Carroll is glad he chose surgery rather than general medicine. "I don't like all the social issues that go along with medicine," he says. "There's not enough long-term beds; we don't have anywhere to put people who are recovering but who don't need an acute hospital bed any more; all that sort of stuff frustrates me. And families frustrate me as well, saying 'Oh, we couldn't possibly look after them at home'. They just drop their old folks off in A&E and that's the last you hear of them. That really frustrates me."

Beirne, for her part, is training to be a GP. She is currently studying psychiatry - a vital part, she says, of a good GP's tool kit. "You have to be interested in getting to the root of problems," she says. "Somebody might come in with a sore foot, but you realise after talking to them for a while that maybe it's not the sore foot that's the problem. Often there's a lot more going on. You have to be a good listener and you have to be a multi-tasker."

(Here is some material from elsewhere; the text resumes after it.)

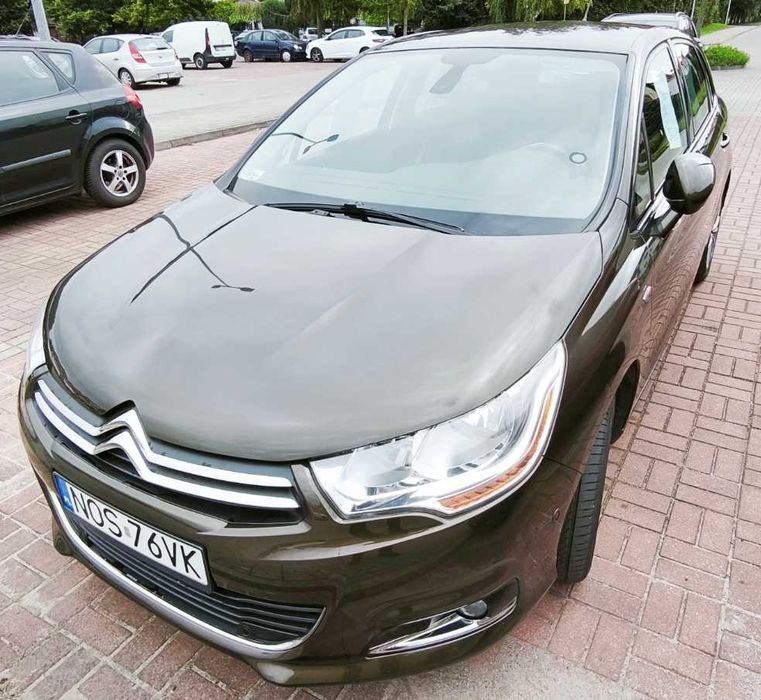 Citroen C4 - Exclusive - Okazja!!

All four junior doctors look back on their intern year with affection. Having cameras present made it memorable - in all kinds of ways. "You'd look for help and people would have run away from the cameras. You'd be going, 'How come this corridor is deserted all of a sudden?'" Beirne recalls. As for Carroll, his doubts and fears are - for the moment at least - behind him. "You spend seven years studying and you're thrown into the cauldron," he says. "When I said I was afraid I wouldn't like it, I was working very, very hard and very long - and I wasn't getting to do much outside the hospital.

"But now I love it. There's nothing else I'd do in the world. No, I could never see myself doing anything else."